For your situation, it sounds like a solid choice.



> I got the setup with Virtual Audio Cable to work, but it was popping and clicking, so I disabled all that.


Frustrating stuff, no doubt about it.



> It looks like the MiniDSP unit is the best solution for me, if I don't go with an iNuke...unless there's something that's a better value out there in the crossover department. I have read people don't think it degrades the sound quality at all, even with the extra conversion, and there does seem like a lot you can do with it since it's DSP based.


Looking forward to your updates.


----------



## dyh (Dec 29, 2010)

I found the thread actually: http://www.hometheatershack.com/for...00-crown-xls-202-frequency-response-room.html

Any thoughts on that? I PMed Archaea too to see if he's done a listening session with the iNuke and Noesis.
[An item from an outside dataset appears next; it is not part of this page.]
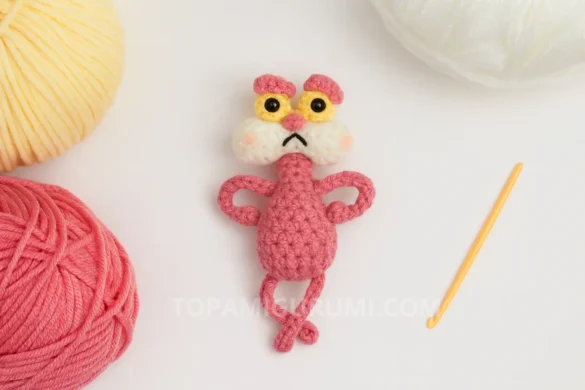 pink cat amigurumi pattern free finished toy on white background with yarn and hook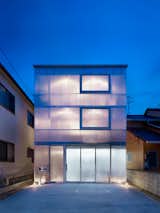 A glowing home in Japan has milky-white, one-and-a-half-inch plastic sheets wrapped around the exterior to let in light and provide insulation.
I could get one from Guitar Center and see if I like it, and return it if I don't.

He also suggested the Yamaha p3500s or p5000s, but I'd want to try for one of those used due to the price.

Yeah, I'm really glad I live in the mountains. I was looking for housing in San Jose, and saw a lot of GHETTO stuff!!!!!!!!!!!!!!!!


----------



## AudiocRaver (Jun 6, 2012)

dyh said:


> I found the thread actually: http://www.hometheatershack.com/for...00-crown-xls-202-frequency-response-room.html


My response should have been "I would like to see some test data on that," which was readily available. Thank you for the link.

Class D amps are a different kind of animal. And testing with a speaker load does have a tendency to coax differences out of power amplifiers. These tests appear to have been carefully done by the tester. Good data.

A listening test for the iNuke might be good (you can be our guinea pig:bigsmile. It can be hard to catch subtleties without a true A:B comparison setup. But if there are any coarse drawbacks to the iNuke's listenability, you should be able to catch them. Its power capability gives it an advantage with dynamic material, but that is what you want it for, so it is a fair test even against amps with lower power ratings.


----------



## dyh (Dec 29, 2010)

I got a PM from Archaea about it. He says the difference is noticeable with the iNuke vs the others when pairing with the Noesis. I think I'm going to go with the EP4000 and the MiniDSP. 

He also suggested the Crown XLS 5000, but even used it's more expensive than a new EP. And if the EP has more power than I'd ever need, sounds the same, and has a warranty, I can't see any reason to go for the Crown. I won't be gigging with it, so I'm not worried about superior build quality.


----------